= I am Dunedin =

Advertising slogan

"I am Dunedin" logo, created by the Dunedin City Council.

I am Dunedin was an advertising slogan created for the city of Dunedin in New Zealand by the marketing and communications agency of the Dunedin City Council (DCC). It was first used in the television commercial "Are You Ready for Dunedin life?". After that, several print advertisements and television advertisements were created using the slogan to promote Dunedin's culture and heritage.
The Iogo’s background is blue and the slogan is gold. The official website of the City of Dunedin is at the lower right hand side of the logo.

==Background==
===Origin===
In the 1980s and 1990s, the City of Dunedin experienced slow population growth, with around 10,000 people “lost” to cities further north in New Zealand or overseas. This included the loss of governmental and corporate head offices and of significant middle management, trade and professional career opportunities.
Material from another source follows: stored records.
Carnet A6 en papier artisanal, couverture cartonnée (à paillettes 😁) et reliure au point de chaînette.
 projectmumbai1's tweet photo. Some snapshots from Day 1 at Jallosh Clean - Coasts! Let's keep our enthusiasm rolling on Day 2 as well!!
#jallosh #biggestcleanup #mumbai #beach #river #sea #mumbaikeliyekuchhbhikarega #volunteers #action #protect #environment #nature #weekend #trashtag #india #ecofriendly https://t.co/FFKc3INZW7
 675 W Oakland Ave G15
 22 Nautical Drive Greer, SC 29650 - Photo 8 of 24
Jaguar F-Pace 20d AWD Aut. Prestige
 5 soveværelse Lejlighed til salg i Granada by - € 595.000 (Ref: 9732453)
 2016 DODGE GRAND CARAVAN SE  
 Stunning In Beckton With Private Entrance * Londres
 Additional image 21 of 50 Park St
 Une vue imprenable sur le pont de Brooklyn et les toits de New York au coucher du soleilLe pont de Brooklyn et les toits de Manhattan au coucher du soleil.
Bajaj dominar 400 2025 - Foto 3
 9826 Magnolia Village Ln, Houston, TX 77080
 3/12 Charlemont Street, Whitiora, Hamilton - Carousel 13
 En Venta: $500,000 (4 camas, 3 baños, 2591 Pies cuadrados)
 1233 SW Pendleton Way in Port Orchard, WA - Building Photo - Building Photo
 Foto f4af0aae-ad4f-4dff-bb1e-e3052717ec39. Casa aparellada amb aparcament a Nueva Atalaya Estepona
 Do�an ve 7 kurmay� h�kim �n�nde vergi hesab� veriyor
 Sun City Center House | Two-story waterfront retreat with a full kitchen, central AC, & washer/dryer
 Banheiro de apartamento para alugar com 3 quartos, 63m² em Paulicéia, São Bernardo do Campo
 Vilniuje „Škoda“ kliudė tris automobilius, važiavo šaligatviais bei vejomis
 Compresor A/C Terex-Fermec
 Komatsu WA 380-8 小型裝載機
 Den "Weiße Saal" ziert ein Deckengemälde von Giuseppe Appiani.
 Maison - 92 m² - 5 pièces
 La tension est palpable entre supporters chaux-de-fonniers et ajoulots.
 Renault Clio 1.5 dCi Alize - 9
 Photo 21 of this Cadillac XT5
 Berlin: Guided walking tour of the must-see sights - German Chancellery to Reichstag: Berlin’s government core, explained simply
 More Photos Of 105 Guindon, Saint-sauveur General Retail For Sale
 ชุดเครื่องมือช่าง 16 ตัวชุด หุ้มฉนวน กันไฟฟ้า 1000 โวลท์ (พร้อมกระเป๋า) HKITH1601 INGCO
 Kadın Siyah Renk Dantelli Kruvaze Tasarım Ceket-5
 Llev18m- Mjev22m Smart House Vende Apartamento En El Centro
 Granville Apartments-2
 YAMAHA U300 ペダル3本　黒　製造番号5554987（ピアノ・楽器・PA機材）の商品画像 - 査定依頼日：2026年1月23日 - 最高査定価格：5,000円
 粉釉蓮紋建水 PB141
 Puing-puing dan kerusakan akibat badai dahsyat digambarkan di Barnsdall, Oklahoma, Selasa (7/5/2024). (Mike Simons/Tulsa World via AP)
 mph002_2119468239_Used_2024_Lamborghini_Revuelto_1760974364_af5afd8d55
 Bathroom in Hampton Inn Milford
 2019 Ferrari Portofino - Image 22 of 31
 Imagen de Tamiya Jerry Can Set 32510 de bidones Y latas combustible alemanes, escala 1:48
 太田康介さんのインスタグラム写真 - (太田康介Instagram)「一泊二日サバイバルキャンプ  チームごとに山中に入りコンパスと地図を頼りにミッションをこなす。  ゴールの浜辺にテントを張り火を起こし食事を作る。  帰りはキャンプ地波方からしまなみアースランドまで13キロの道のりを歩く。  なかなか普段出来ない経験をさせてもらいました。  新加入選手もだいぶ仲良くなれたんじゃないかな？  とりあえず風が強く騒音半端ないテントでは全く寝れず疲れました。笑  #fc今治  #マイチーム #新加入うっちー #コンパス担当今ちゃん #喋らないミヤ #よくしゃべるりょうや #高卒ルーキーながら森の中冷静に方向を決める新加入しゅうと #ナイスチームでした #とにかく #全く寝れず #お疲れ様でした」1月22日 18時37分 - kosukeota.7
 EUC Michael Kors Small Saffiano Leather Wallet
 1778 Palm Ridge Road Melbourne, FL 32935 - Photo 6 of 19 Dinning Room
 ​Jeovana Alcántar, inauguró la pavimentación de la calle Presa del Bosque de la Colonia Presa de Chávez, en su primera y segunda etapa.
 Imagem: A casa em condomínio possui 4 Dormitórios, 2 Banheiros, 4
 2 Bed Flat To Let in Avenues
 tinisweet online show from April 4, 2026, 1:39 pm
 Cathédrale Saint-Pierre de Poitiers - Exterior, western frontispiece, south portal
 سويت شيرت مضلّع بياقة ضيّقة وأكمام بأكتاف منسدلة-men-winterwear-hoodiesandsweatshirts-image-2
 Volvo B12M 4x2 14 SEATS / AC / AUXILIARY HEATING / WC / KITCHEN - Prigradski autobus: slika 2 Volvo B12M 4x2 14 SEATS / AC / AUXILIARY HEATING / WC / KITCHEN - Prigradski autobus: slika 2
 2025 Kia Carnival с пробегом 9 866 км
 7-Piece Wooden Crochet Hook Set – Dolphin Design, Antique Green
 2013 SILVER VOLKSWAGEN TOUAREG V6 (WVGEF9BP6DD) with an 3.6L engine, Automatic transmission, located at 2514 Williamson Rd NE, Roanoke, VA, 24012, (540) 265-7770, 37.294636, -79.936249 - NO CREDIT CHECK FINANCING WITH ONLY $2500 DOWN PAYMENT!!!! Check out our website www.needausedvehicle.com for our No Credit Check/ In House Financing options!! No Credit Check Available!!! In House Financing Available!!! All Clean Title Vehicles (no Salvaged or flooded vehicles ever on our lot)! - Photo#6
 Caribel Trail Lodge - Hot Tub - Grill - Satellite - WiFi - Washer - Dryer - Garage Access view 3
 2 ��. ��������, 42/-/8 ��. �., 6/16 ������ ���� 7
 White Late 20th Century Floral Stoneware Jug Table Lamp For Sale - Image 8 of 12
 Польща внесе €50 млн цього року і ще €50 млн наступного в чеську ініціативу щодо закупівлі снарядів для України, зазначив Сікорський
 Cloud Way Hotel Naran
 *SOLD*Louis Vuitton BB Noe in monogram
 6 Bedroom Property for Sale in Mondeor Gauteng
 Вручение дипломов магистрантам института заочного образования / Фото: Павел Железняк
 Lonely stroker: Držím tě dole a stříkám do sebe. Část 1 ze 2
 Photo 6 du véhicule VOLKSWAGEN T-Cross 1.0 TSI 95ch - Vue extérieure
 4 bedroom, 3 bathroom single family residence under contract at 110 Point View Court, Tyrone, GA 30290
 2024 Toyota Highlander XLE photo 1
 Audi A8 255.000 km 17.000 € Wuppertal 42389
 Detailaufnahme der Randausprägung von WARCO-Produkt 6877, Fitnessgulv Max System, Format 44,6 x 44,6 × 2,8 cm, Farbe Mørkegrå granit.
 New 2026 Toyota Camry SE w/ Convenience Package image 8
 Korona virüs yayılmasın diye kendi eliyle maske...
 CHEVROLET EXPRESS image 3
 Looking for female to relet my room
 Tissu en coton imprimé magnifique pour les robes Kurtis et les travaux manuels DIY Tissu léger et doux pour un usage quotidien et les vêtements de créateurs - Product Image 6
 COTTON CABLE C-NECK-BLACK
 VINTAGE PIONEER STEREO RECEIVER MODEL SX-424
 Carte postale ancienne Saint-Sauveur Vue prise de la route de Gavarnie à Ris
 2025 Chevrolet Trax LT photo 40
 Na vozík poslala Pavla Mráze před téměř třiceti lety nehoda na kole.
Therefore, the perception of Dunedin was quite negative. The city council organised a public meeting in which councillors, tertiary and social services, as well as representatives from different communities chose the statement along with all other statements that were submitted. They unanimously chose “I am Dunedin” as the slogan. The original purpose of the slogan was to improve the wider perception of Dunedin. One year later, a public survey conducted by the Marketing and Communication Agency showed that most businesses were unable to find skilled workers, which had become a potential threat to Dunedin's economy.

The challenge for the City of Dunedin's marketing campaign was not only to attract skilled and professional workers to the city, but also to do so in an environment where other New Zealand cities had experienced long-term economic growth and where there was a perception of better job and lifestyle opportunities elsewhere. In response to the declining population and concerns about business growth, the DCC's Economic Development Committee developed a strategic plan to achieve economic growth and job creation.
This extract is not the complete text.